Introduction

Beginning with a conceptual overview we have all of the Internet illustrated as "Information Space." Until recently most attention was paid to network clients and the client/server relationships. As a result we have many applications for browsing the internet. However, for the purpose of this presentation I would like to ask you all to consider these general challenges. Then we will explore each of the four elements indepently and finally bring them all together in a seemless environment.

The general challenges are these:

(1) We need to have simple means to electronically publish information from any possible source.

(2) We must be able to recall / retrieve that information with any means that we have available.

(3) We should be able to make use of the information with any network client or appliance that we have access to.

We must be able to use natural language or other facilities to submit a query to the collection of information with useful results.

Publishing

Trying to keep pace with advances in information technologies can be frustrating at best. We have seen how information providers have struggled to keep collections of data and information in formats that can be used in as many venues as possible. Since the early 1990's there have been a number of different file types that have been used for disseminating information over the network. These include postscript, gopher, ASCII text, compressed, MIME, PDF, and now the ubiquitous HTML. There are many utilities that convert from one file type to the next. Some of these permit batch jobs that will convert entire directories or systems of data. Many require manual handling.

As the Internet increases in popularity we are finding that many of the new users of the network have fewer techical skills than were traditionally associated with information technologies. The challenge of how to enable these persons to publish information is one that is being addressed by a project here in Colorado.

Imagine a scenario where clerical personnel are responsible for creating documents with a word processor. These documents, such as meeting agendas, are published on a regular basis to the local community world wide web pages. Each week a new agenda is published and the old agenda is moved to another location to be archived.

This Integrated System for Distributed Informatoin Services is based on an emerging standard known as the Distributed Information Processing Protocol (DIPP).

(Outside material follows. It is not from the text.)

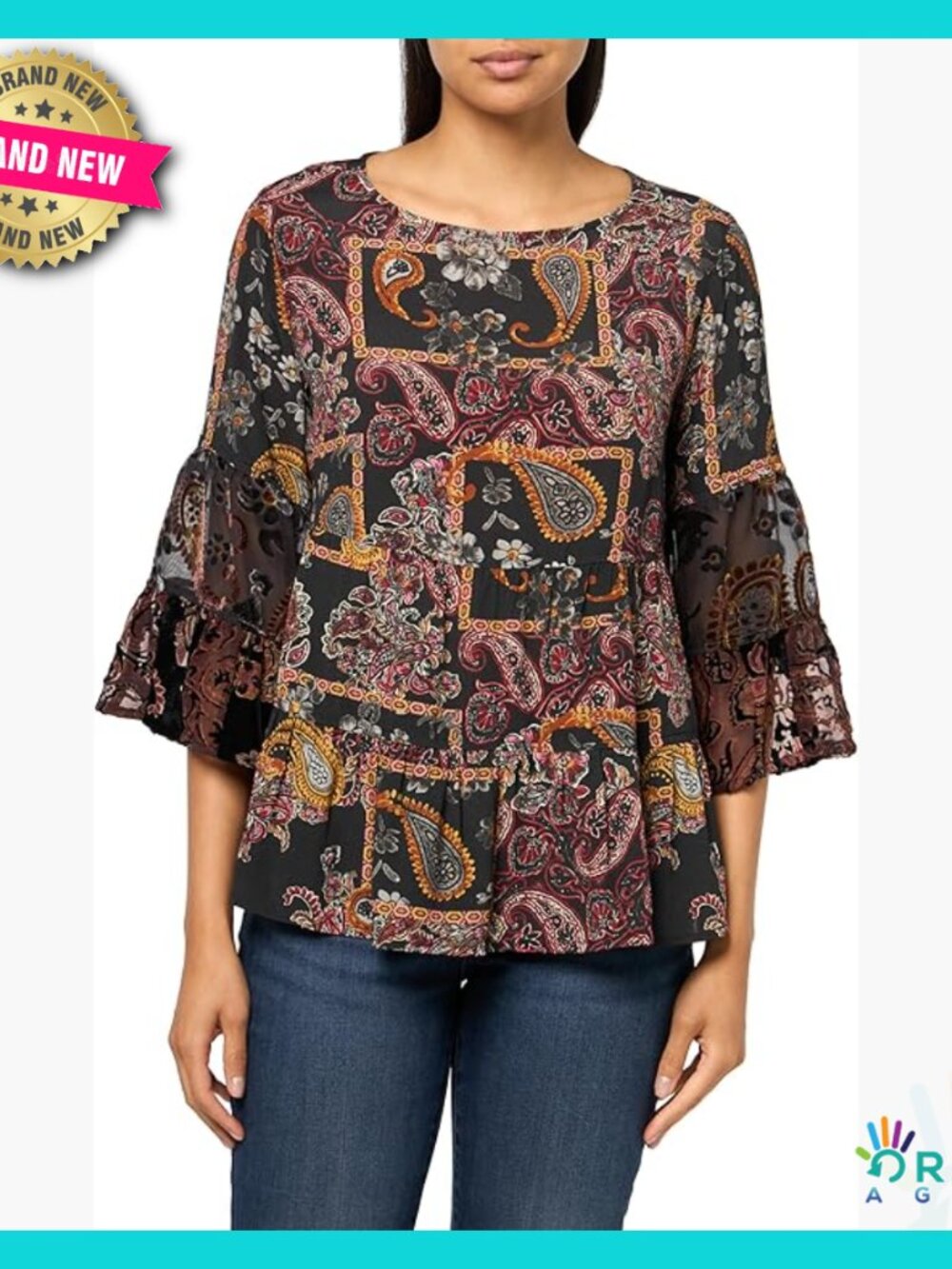 Mix Media Tiered Ruffle Top Three Quarters Flounce Sleeves Chic Elegant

In it's simplest form DIPP takes input in the form of files that have been submitted by email, ftp, or other transfer methods. Once the submitted file has been authenticated, agents then work to transform the information into a pre-determined output. Additional activity can be initiated to ensure that older files are archived or that proper file permissions have been set. Essentially, DIPP automates the necessary procedures to transform a word processing file into a set of web pages with links to related materials.

Although the current emphasis of DIPP is to publish HTML documents we are already beginnning to explore other uses of this system. Another possible use is to accept input in most any format that would then be stored in one particular format. When a query is submitted by a particular client, the DIPP engine then can transform the stored content into what ever specific form is required by the remote user.

You can find out more information about the Integrated System for Distributed Information Systems and the DIPP engine at: http://www.colorado.edu/DIPP.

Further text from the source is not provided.